◆ **About this exercise**
Could you write out the records below exactly as they appear, leaving out any pictures?

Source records
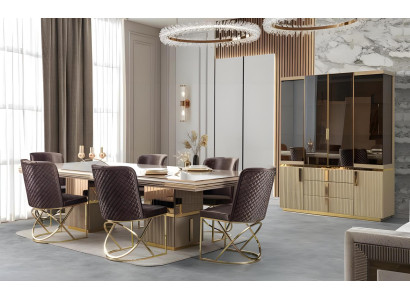 Luxuriöses Esszimmer-Set mit Esstisch 4 Stühlen Vitrine und TV Ständer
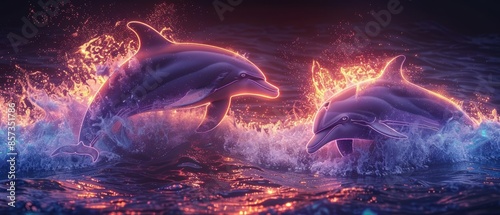 Neon lit dolphins leaping, 8k UHD, glowing ocean waves photo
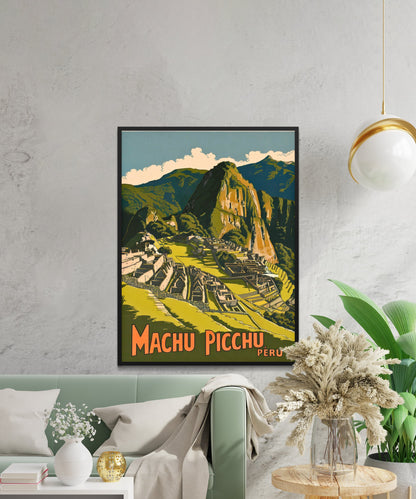 Machu Picchu Vintage Travel Poster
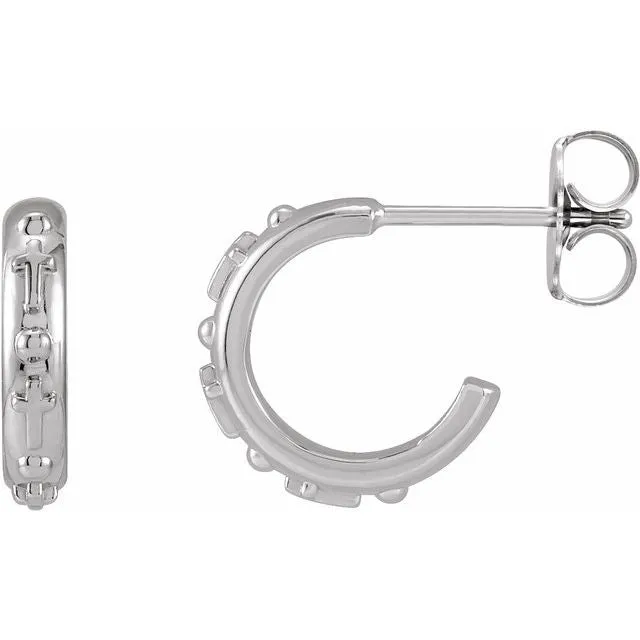 TreasureFineJewelers Sterling Silver Rosary Huggie Earrings Earrings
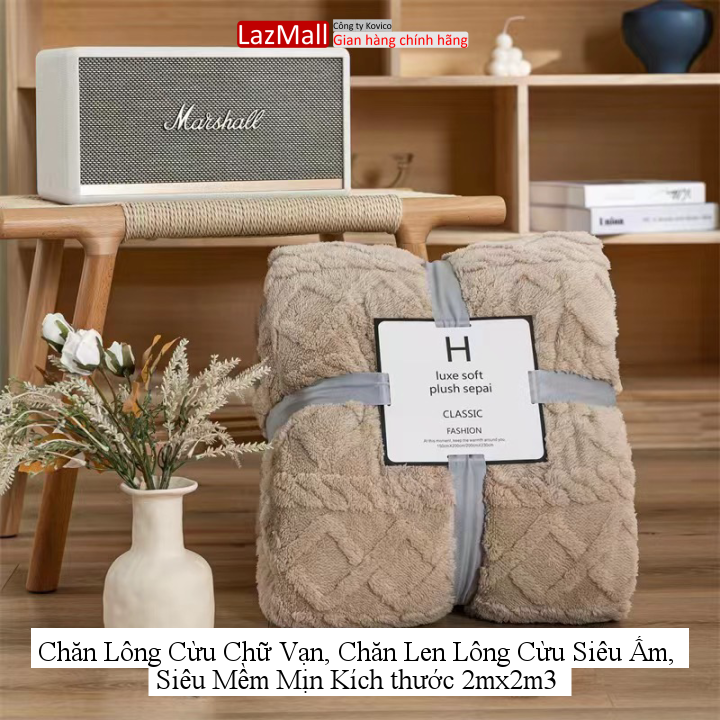 Chăn lông cừu chữ vạn, chăn len lông cừu siêu ấm, siêu mềm mịn kích thước 2mx2m3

◆ **Written solution**
 Luxuriöses Esszimmer-Set mit Esstisch 4 Stühlen Vitrine und TV Ständer
 Neon lit dolphins leaping, 8k UHD, glowing ocean waves photo
 Machu Picchu Vintage Travel Poster
 TreasureFineJewelers Sterling Silver Rosary Huggie Earrings Earrings
 Chăn lông cừu chữ vạn, chăn len lông cừu siêu ấm, siêu mềm mịn kích thước 2mx2m3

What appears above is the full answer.